Governor James Reynolds Pryce, a popular Democratic presidential nominee, encounters numerous personal and political challenges in choosing his running mate.
The Democratic National Convention has begun and Michigan Governor James Reynolds Pryce is assured of his party's nomination. He is enjoying enormous popularity, while at the same time feeling tremendous pressure from his party's power elite. The message from the money men is clear: Support their agendas and back off the issue of campaign finance reform -- or lose their financial support in the general election.
While waiting out the days leading up to the nomination vote -- and his all-important acceptance speech -- Pryce wrestles with the decision of who will be his running mate. It has come down to two finalists: Mitchell Morris, the Texas senator who is one of Washington's leading insiders and friend to any special interest group that comes knocking with money in hand -- or Terrence Randall, the junior senator from Colorado who is a leading advocate of campaign finance reform and shares many of Pryce's own idealistic dreams about how America should be run. Can Pryce win without Morris' money? Can he live with himself if he takes it?
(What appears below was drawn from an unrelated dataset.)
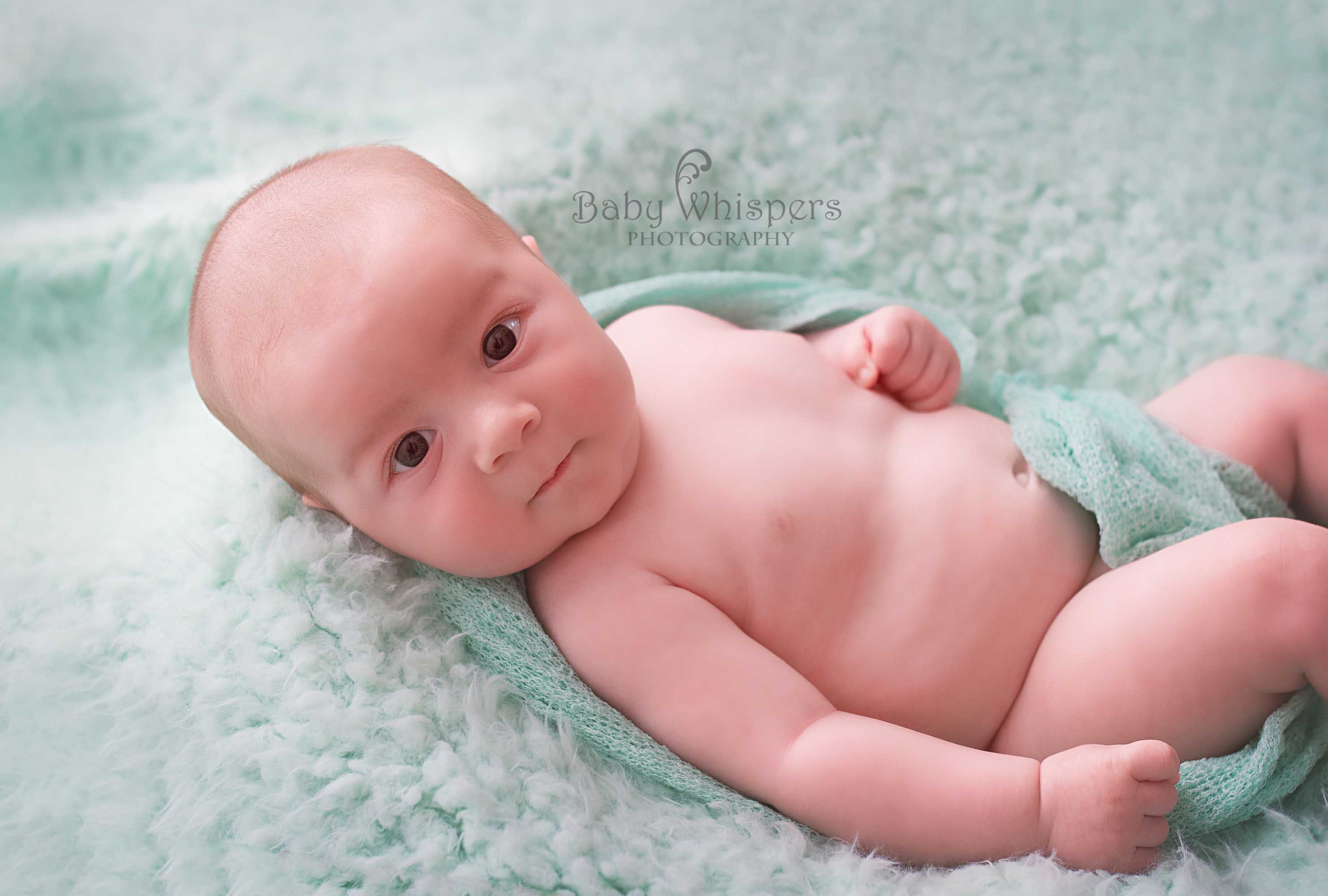 Smiley Newborn Photo - Baby Whispers Photography Royston Cambridge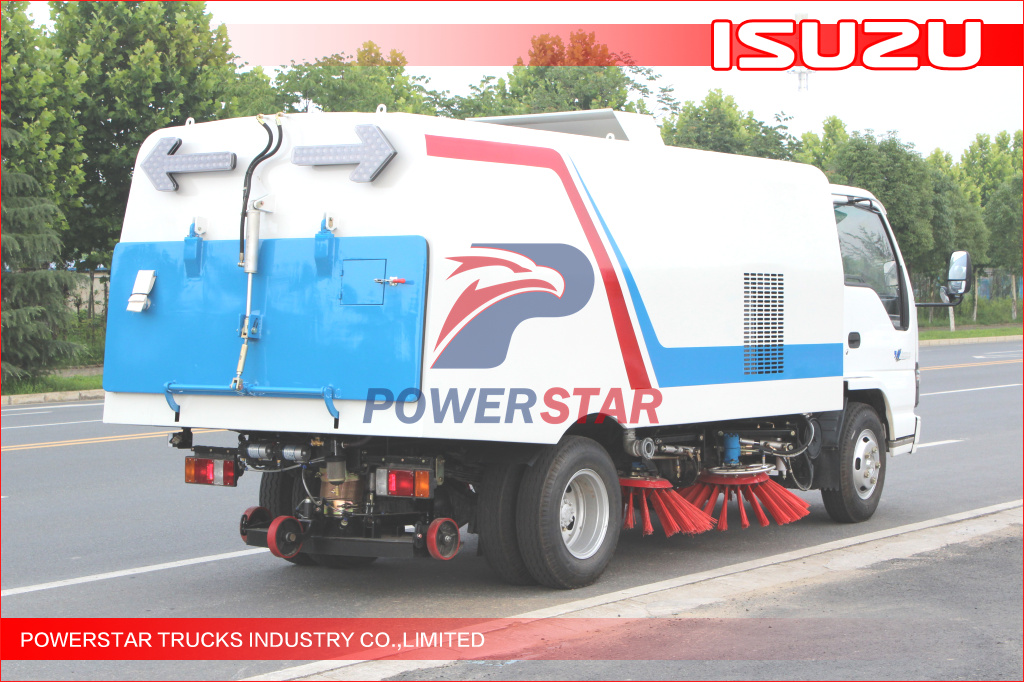 5cbm Isuzu Road Sweeper for Philippines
Pryce's campaign is bolstered by the powerful women in his life: Lauren Hartman, his brilliant and principled campaign manager and a fierce supporter of his idealistic platform; Pryce's wife, Jenny, who, through political savvy, is at odds with her husband over their family's privacy; Shawna Morgan, a glamorous Hollywood fundraiser who is Pryce's Hollywood connection and future White House social secretary -- if she has her way; and Meg Gable, the wife of William Parker Gable, Pryce's mentor and entree into Washington society when he first began his political career. Meg wants her husband to be on the Pryce ticket more than she wants anything else, and she's not giving up without a fight.